▼▼▼
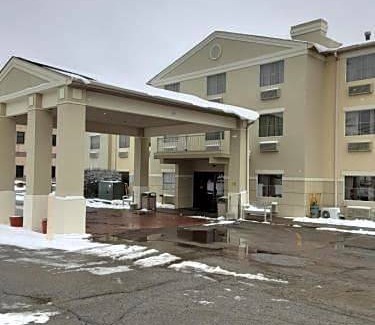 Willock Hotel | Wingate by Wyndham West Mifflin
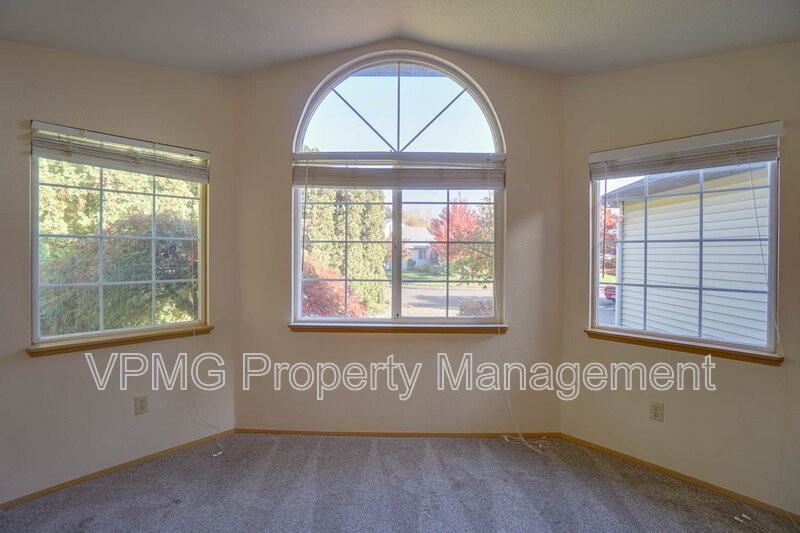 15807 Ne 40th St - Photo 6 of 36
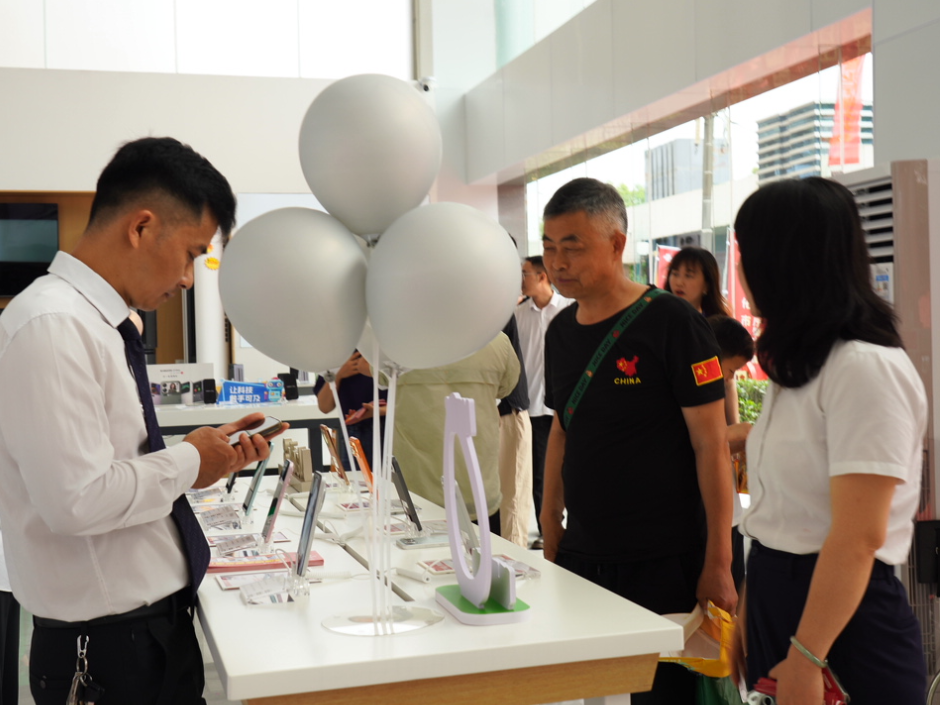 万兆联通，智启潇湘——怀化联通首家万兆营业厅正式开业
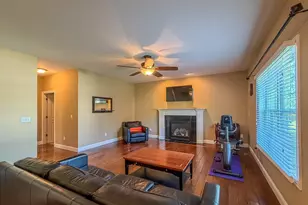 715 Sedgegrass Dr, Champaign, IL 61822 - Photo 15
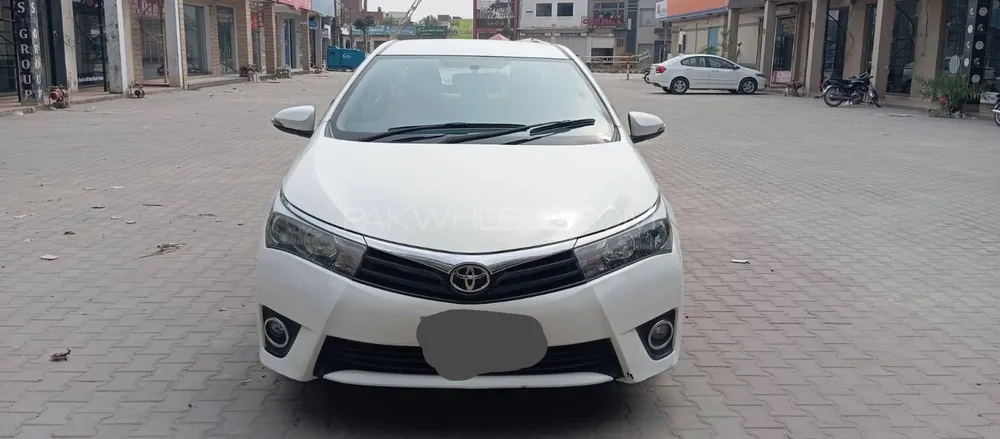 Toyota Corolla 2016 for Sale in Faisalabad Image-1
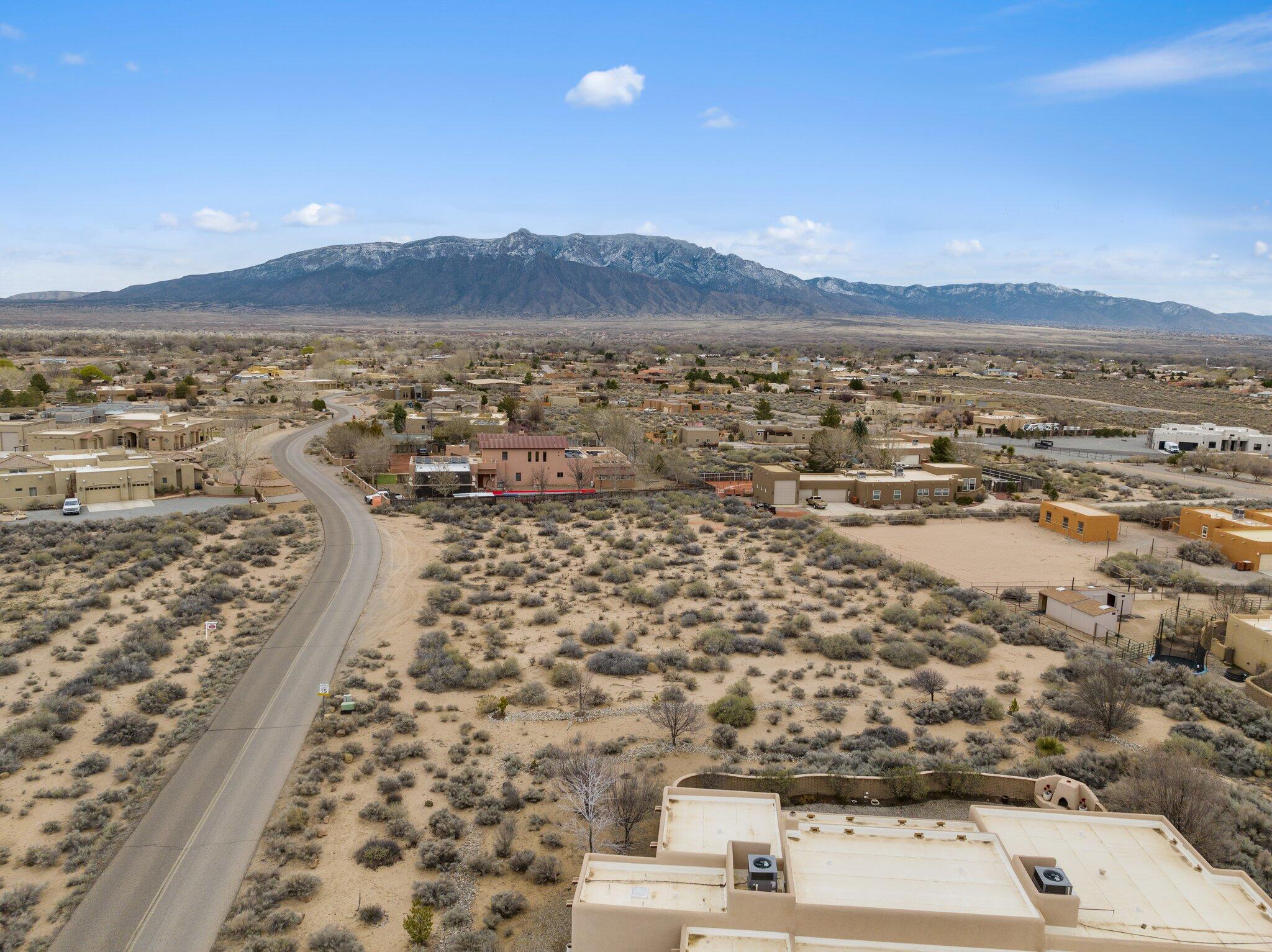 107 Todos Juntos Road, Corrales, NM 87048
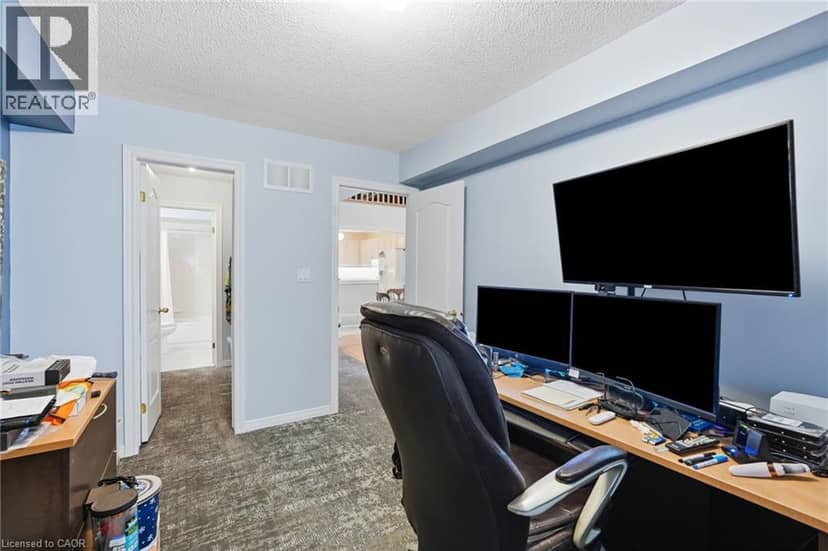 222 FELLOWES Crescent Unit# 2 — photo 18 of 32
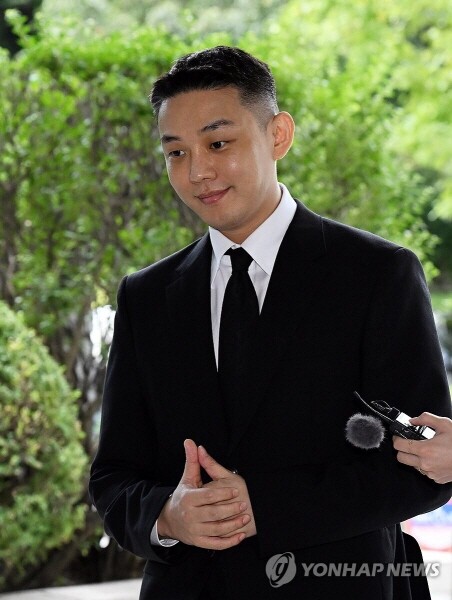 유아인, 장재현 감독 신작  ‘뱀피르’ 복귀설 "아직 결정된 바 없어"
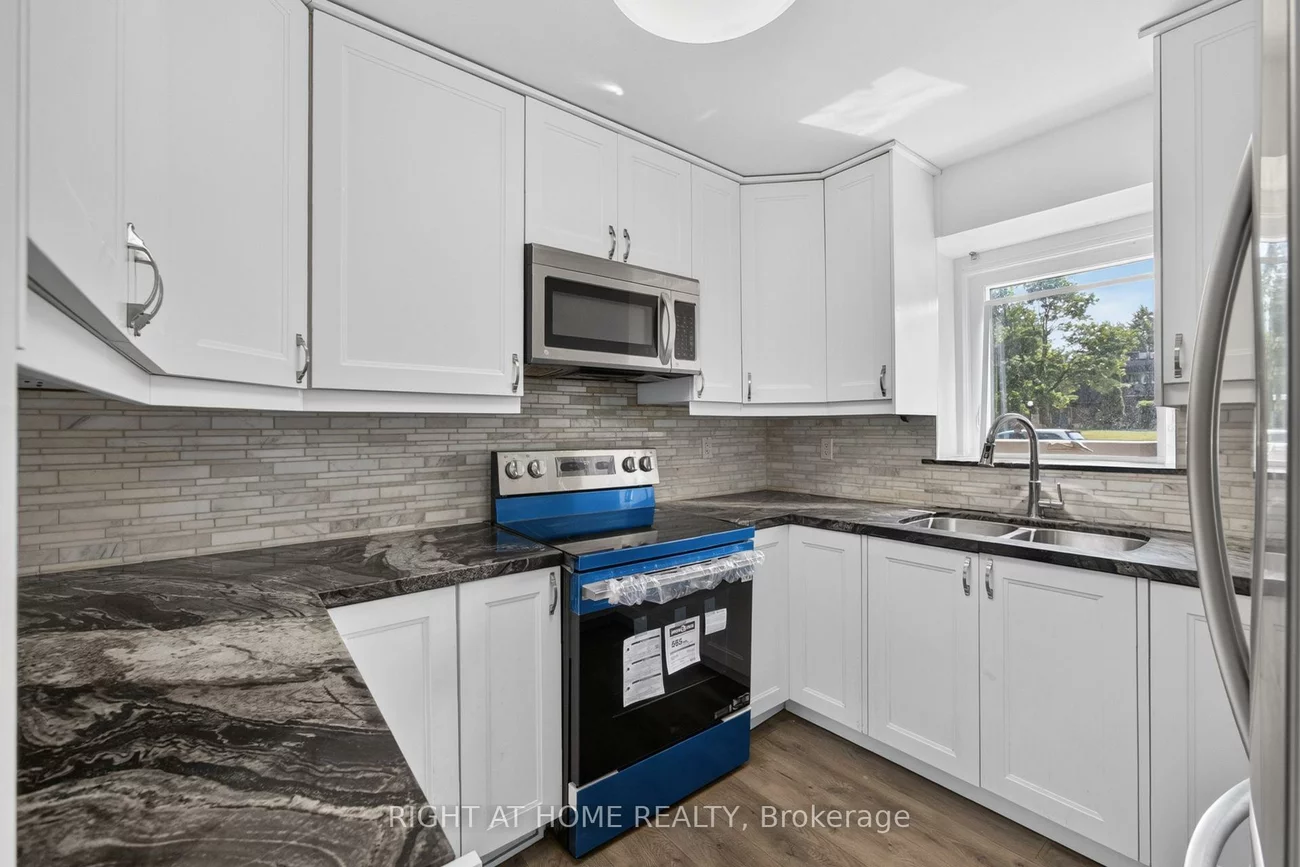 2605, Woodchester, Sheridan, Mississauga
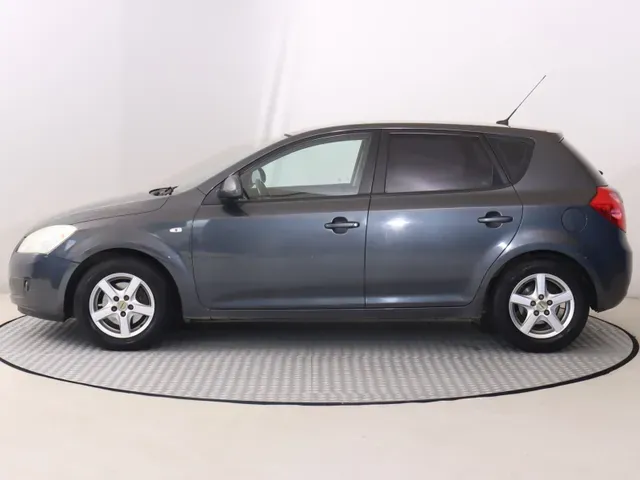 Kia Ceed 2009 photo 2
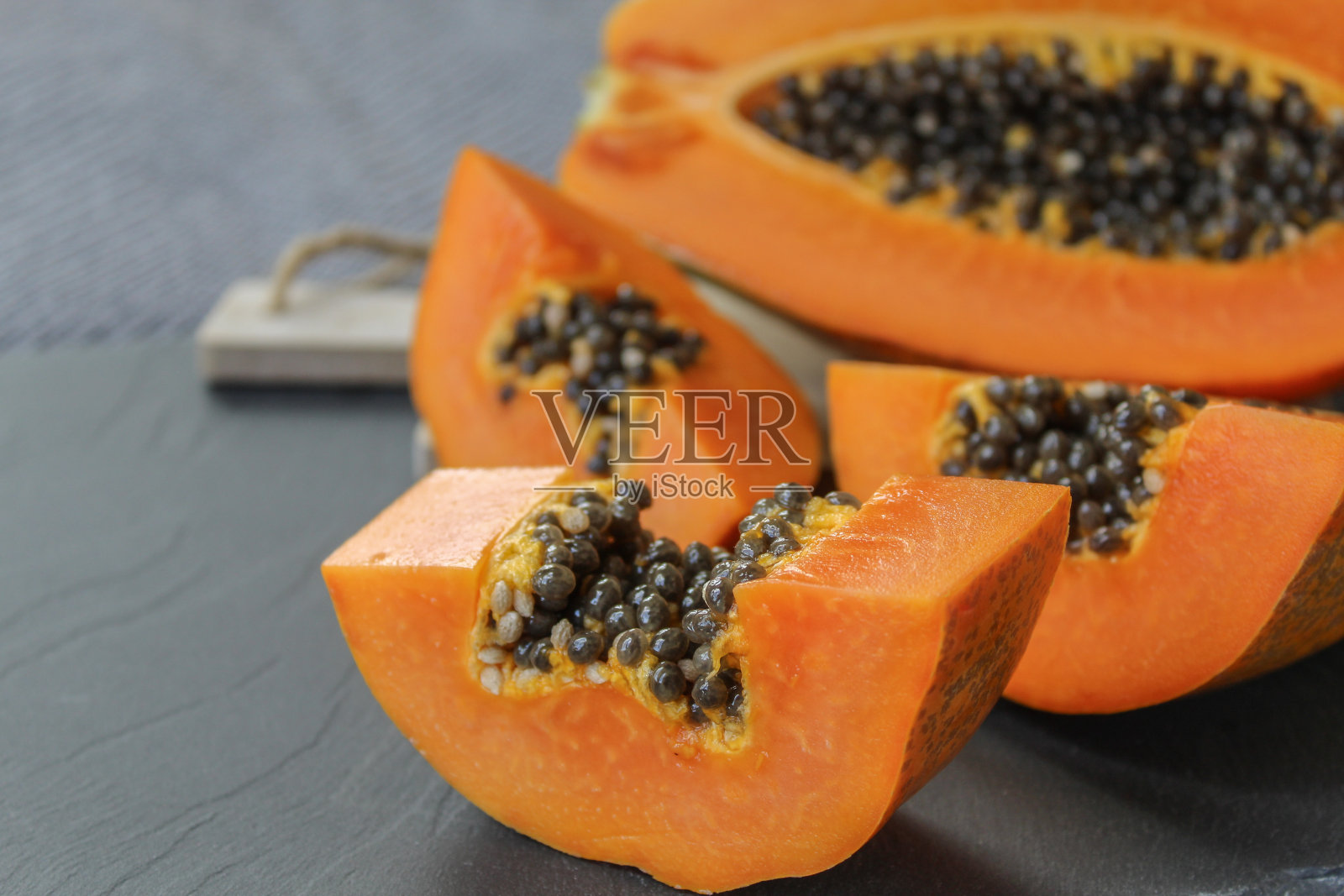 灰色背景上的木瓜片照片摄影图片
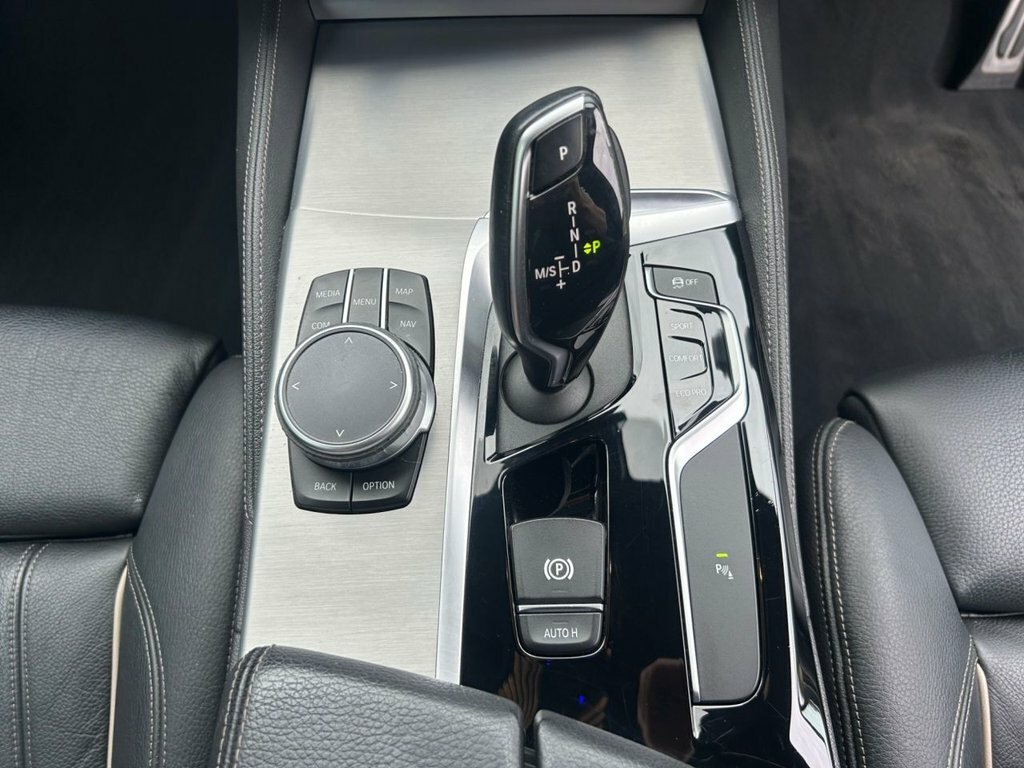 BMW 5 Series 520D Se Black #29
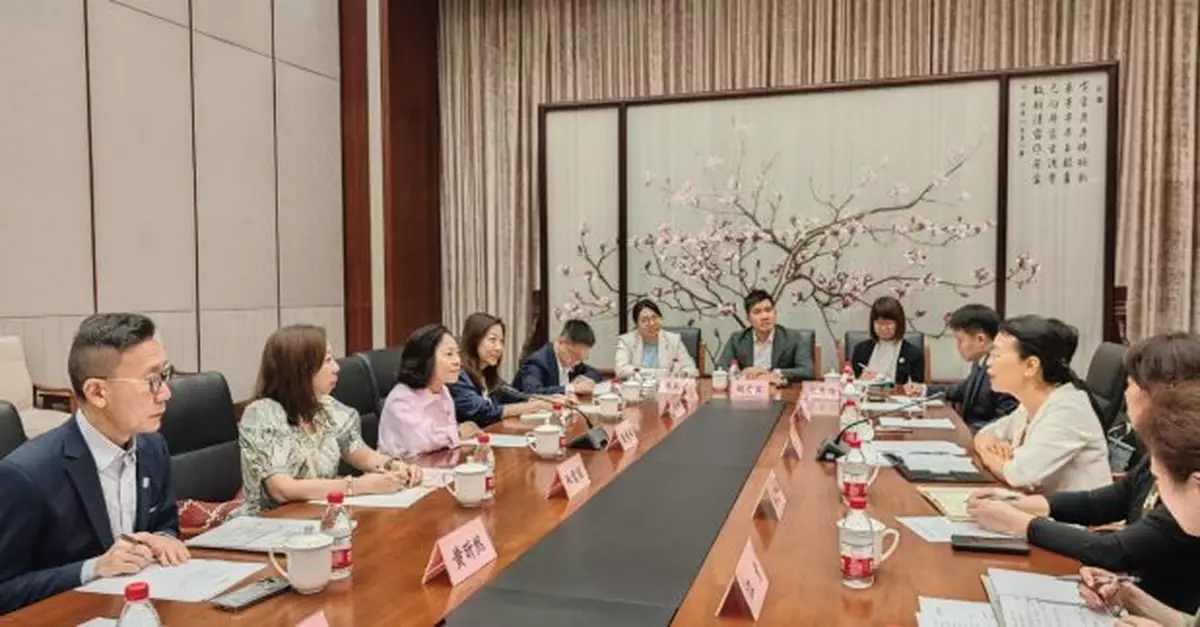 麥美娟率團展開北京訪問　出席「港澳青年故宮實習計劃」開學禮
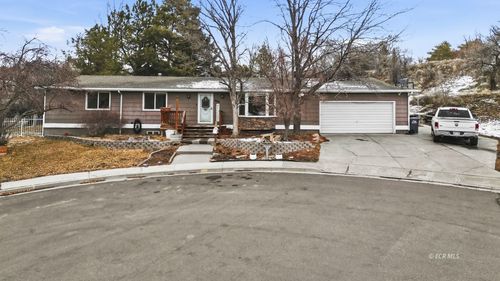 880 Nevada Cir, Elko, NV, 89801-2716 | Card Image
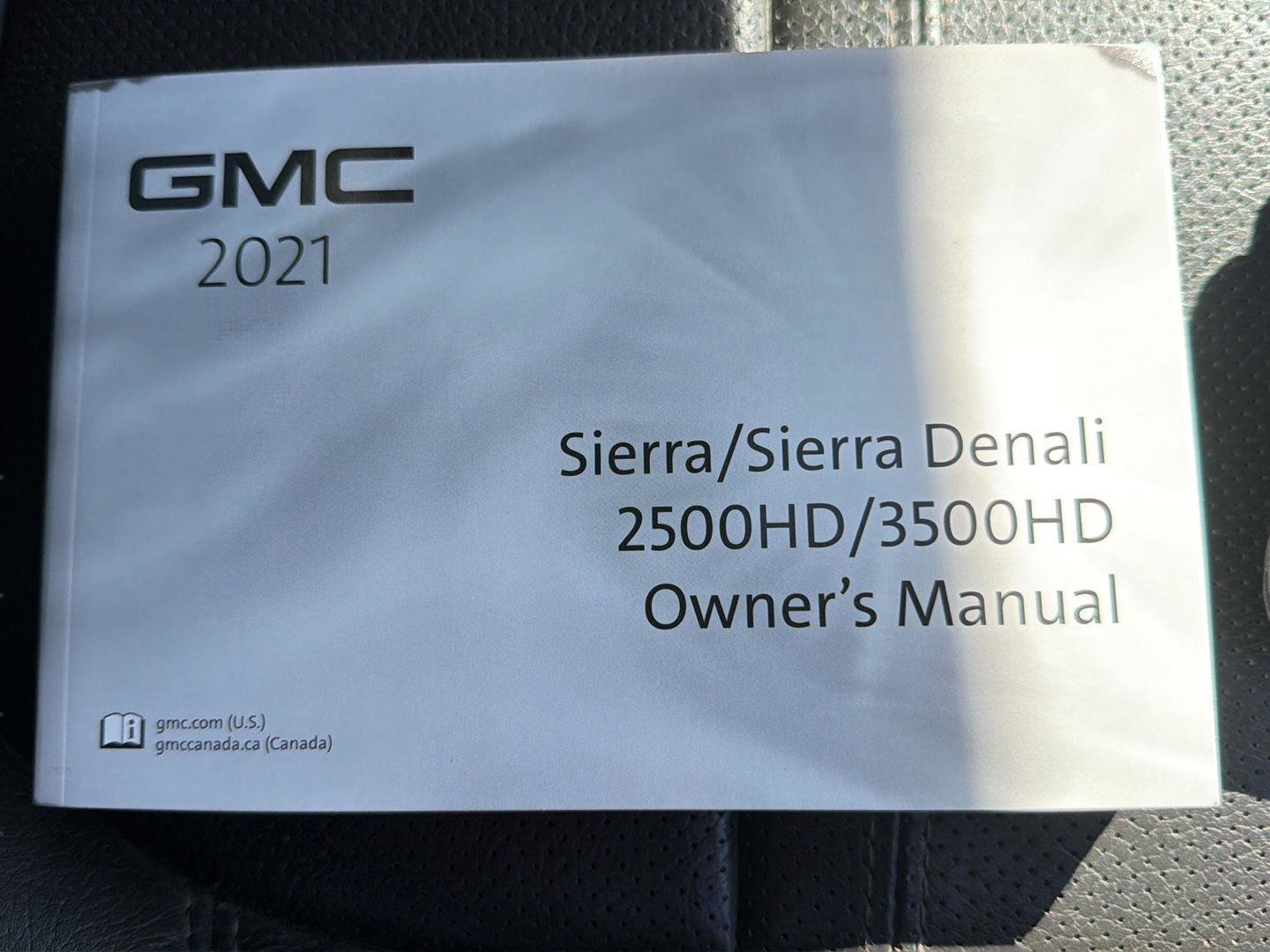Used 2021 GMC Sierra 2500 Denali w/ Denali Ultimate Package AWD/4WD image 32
▲▲▲
[PROBLEM REQUIREMENTS]
Print the data once more without any change, skipping each picture.

[OUTPUT]
 Willock Hotel | Wingate by Wyndham West Mifflin
 15807 Ne 40th St - Photo 6 of 36
 万兆联通，智启潇湘——怀化联通首家万兆营业厅正式开业
 715 Sedgegrass Dr, Champaign, IL 61822 - Photo 15
 Toyota Corolla 2016 for Sale in Faisalabad Image-1
 107 Todos Juntos Road, Corrales, NM 87048
 222 FELLOWES Crescent Unit# 2 — photo 18 of 32
 유아인, 장재현 감독 신작  ‘뱀피르’ 복귀설 "아직 결정된 바 없어"
 2605, Woodchester, Sheridan, Mississauga
 Kia Ceed 2009 photo 2
 灰色背景上的木瓜片照片摄影图片
 BMW 5 Series 520D Se Black #29
 麥美娟率團展開北京訪問　出席「港澳青年故宮實習計劃」開學禮
 880 Nevada Cir, Elko, NV, 89801-2716 | Card Image
Used 2021 GMC Sierra 2500 Denali w/ Denali Ultimate Package AWD/4WD image 32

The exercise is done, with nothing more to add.